In the movie The Terminator, Reese, the bodyguard from the future, talks about how the machines took over:

“Defense network computers. New… powerful… hooked into everything, trusted to run it all. They say it got smart, a new order of intelligence. Then it saw all people as a threat, not just the ones on the other side. Decided our fate in a microsecond: extermination.”

He says this as if the computers decided themselves that humans weren’t needed. That’s not how AI – artificial intelligence – works. Machine learning algorithms don’t determine their own goals or targets; those are set by people. People choose the goal and the machine learning chooses the best way to get there. Somewhere along the line, in the Terminator world, a human chose a goal for the algorithm that did not require the presence of humans in order to be successful, and that was the source of the problem.

In reading articles and comments online, I see a lot of misunderstanding about how AI works. Some seem to think that an AI algorithm is purely math and therefore free of all human bias and limitations. Others anthropomorphize the algorithms, with the image of AI as a person without proper emotions – like Data or The Vision. These are both under- and over-estimates of the human element within AI.

Let me describe a very straightforward machine learning example. You can train an algorithm to identify all the cars in a set of photos. You give it many labeled images with both cars and things that aren’t cars, and eventually it will learn to correctly identify the cars in the images. When you apply that algorithm to new pictures, it may even find cars that a person might miss – in the background, or half hidden behind a tree, for example.

That seems easy enough, right? In order to train an algorithm, what you need to provide is a data set and a definition of success. In my example, the data set would be the labeled collection of pictures and the definition of success would be “car.”

Let’s focus on the “definition of success” part. I’m going to divide this into two parts, based on the types of problems that we might want to solve: truth and target conditions.
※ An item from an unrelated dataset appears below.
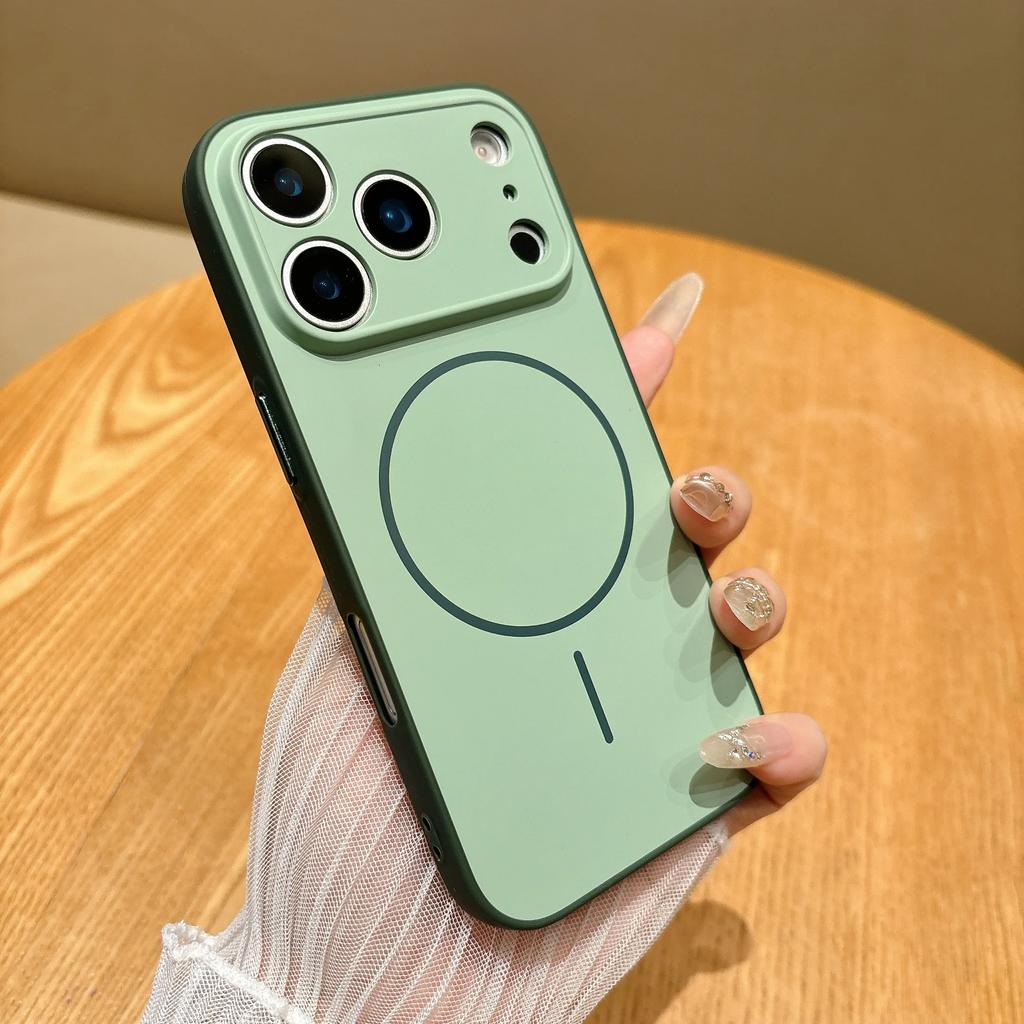 Для Magsafe Магнитный Беспроводной Зарядный Чехол Для iPhone 15 15Plus Плюс + Pro Max 16 E 16E 17 AiR 17Air Силиконовый Ударопрочный Чехол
Truth is the goal when you are defining something. You want to find all the pictures of cars, and the algorithm will be judged by how accurately and completely it can do that. It will fail whenever it doesn’t recognize a car or when it mistakenly calls something else a car. In order to train this algorithm, you need to know what a car looks like. Seems easy enough, but in real-world pictures, there may be situations that test your definition. Is a Ford Taurus cut in half a car? What about just a front fender? Here are images from my own photos – are these cars or not?

The algorithm can only find the truth as you have defined it. The better your initial definition of truth, the more your algorithm will work in the way that you want it to. 

Slightly different from training the algorithm to determine the truth, is training for a target condition. This aims toward reaching an optimal end state of a system. Just as you needed to know the truth to teach the truth, you need to know what end state you are going for. If you are creating an algorithm to stack blocks, for example, you have to know what your optimized end state is: optimized height, or width, or stability, or if you want the numbered blocks to be in order, or whatever else. You can’t just ask it to stack blocks and hope it does it right. 

You pick the goal and the algorithm finds the optimal way to get to that goal. And then it can perform that task, over and over, endlessly and reliably. How might these different goals work in healthcare?

What about the goal of truth or in the case of medicine, diagnosis? Despite what patients may want or expect, we actually have a pretty loose relationship to absolute truth in medicine. A patient may want to know “Doc, do I have X disease?” But instead, we might tell them:

• I don’t know if you have X, but you don’t have W, Y, or Z, all of which can look like X and are more serious.
• We’re going to act as if you have X, and if you get better, maybe that’s what you had.
• Even if you do have X, the only problem with that are the symptoms, so we’re just going to treat those.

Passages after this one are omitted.